Arts & CultureJuly 4, 2024
Greg Girard – Trailblazing on Color Schemes

Suni renklerle resim çizmek… Greg Girard, Güneydoğu Asya’nın gerçeküstü modernliğinin kentsel anılarını, şehir kültürünün benzersiz karakterini yakalayan vurgulu dramatik tonlarla biriktiriyor. Retro-fütüristik ve neo-noir estetiğin kıyılarında öncülük ve keşif yaparak deklanşörüne dokunuyor.
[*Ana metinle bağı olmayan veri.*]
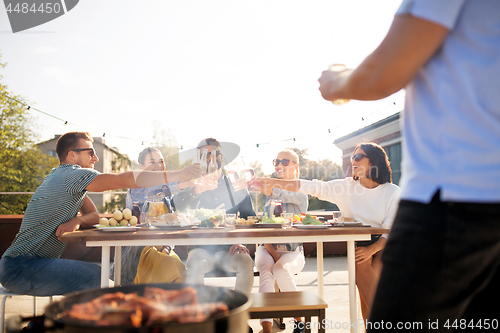 Image of friends toast drinks at barbecue party on rooftop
Greg Girard’ın fotoğrafçılığa olan ilgisi, lisede bir grafik tasarım dersine kaydolmasıyla başladı, bu ders onu fotoğrafçılık ve onun bileşenleriyle tanıştırdı. Bu ilham kıvılcımı, maceracı kişiliğiyle birleşerek onu bir SLR fotoğraf makinesi almaya itti. O andan itibaren memleketi Vancouver’da dolaşarak çeşitli teknikler denedi. 70’li yılların hassas döneminde Vancouver şehir merkezinin yeşeren doğal özünü ve kentleşmesini yakaladı. Özgün bir sanatsal vizyon geliştirmeye başladığında, o dönemde fotoğrafın görünmeyen kısımlarına da bakıyordu ve konuya kavramsal bir noktadan yaklaşarak söylüyor: “1970’lerde fotoğrafı görmenin çok fazla yolu olmadığını hatırlamalısınız. Farklı saydam film stoklarına ve çeşitli yapay ışık kaynakları altındaki renk değişimlerine dikkat etmeye başladıkça, ‘gece’nin tamamen bana ait olduğunu hissettim…” Bu durum onu fotoğrafçılığı meslek edinmeye ve daha sonra bir sanatçı olarak resmi bir pratik olarak edinmeye yöneltti.

70’lerin sonlarıydı ve Girard Tokyo’ya ayak bastı. Neonlarla yıkanmış puslu atmosfer, şehrin siluetine kollarını uzatan gökdelenlerin hiç bitmeyen enginliği, Japon yaşam tarzı ve Tokyo’nun nefes alan ambiyansı sayesinde kendine özgü estetiğini keşfetti. Yaratıcı dürtüleri çok öznel, son derece stilize, neredeyse yeni bir görüntü oluşturma yöntemine dönüştü. Özne ile fotoğrafın bütünlüğü arasındaki karmaşık gerilimle oynayan Girard, uzun pozlamalar, yapay ışık resimleri ve film fotoğrafçılığından etkilenerek kendi zevklerini oluşturmaya başladı. 

Vancouver, Toronto, Tokyo, Okinawa, Vietnam ve çeşitli (çoğunlukla Asya) şehirlere yaptığı seyahatler sırasında kentleşme sürecini ve bu süreç etrafında sürekli değişen insan yaşamını belgelemeye başladı. Girard, fotoğrafın bir yandan yüzeyde olanı gösterirken bir yandan da onu geriye doğru soyan bir araç olduğu inancıyla, şehirlerdeki 50 yıllık değişimlerden arşivini kurguluyor. Sonuçlar ise bugünü geçmişle birleştiren, anti-belgesel olarak adlandırılabilecek görüntülerden oluşan bir ömür halinde karşımızda.